Police in Italy have confiscated art estimated to be worth more than 150 million dollars, which they believe was owned by the former head of a multi-national company Parmalat. Nineteen works of art including pieces by Van Gogh, Picasso, Cezanne and Modigliani were seized at homes of the relatives of Calisto Tanzi.

At the Chilean capital Santiago several thousand people have been accompanying the coffin of the Chilean singer Victor Jara, who has been re-buried 36 years after he was killed by troops in the aftermath of a military coup. From Santiago, Gideon Long reports.

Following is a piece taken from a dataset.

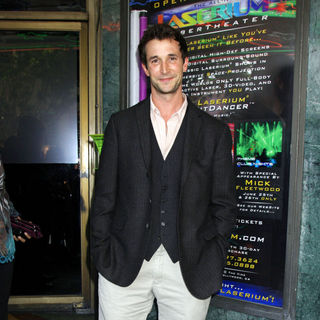 Noah Wyle in The Grand Opening of the 'Laserium' in Hollywood - arrivals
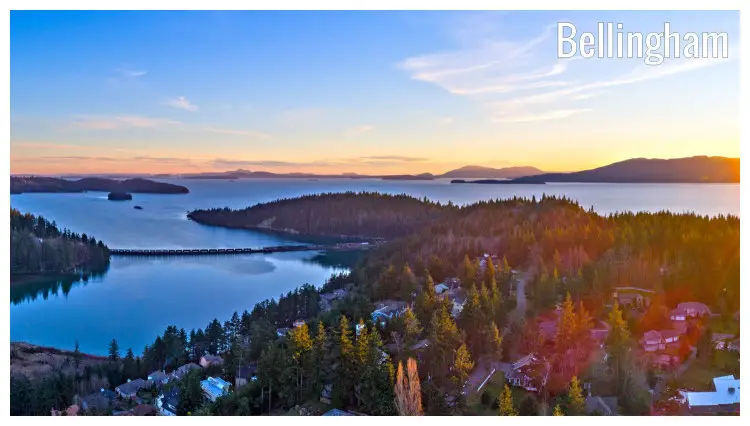 Scenic landscape of hills and the sea in this small town in Bellingham, Washington Scenic landscape of hills and the sea in this small town in Bellingham, Washington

Mr. Jara's widow, Joan, now a white hair woman in her 80s, led the funeral cortege as it wound through the streets of Santiago to the cemetery. The coffin was draped in the singer's trademark red-and-black woolen poncho. And well-wishers scattered red carnations over the hearse as it passed. Some brought guitars and many sang the songs that made Victor Jara a national icon. For much of this week Chileans have been filing past Mr. Jara's coffin to pay their last respects. Among them was Chile's President Michelle Bachelet, who was also persecuted by the Pinochet government and spent years in exile.

The Iranian Foreign Minister, Manouchehr Mottaki, has telephoned his Swiss counterpart to complain about the recent referendum vote in Switzerland to ban the building of new minarets on mosques. Mr. Mottaki told the Swiss minister, Micheline Calmy-Rey, that the vote had damaged the image of Switzerland in the eyes of Muslims. The Swiss ambassador in Tehran was summoned to the Iranian Foreign Ministry.

BBC News.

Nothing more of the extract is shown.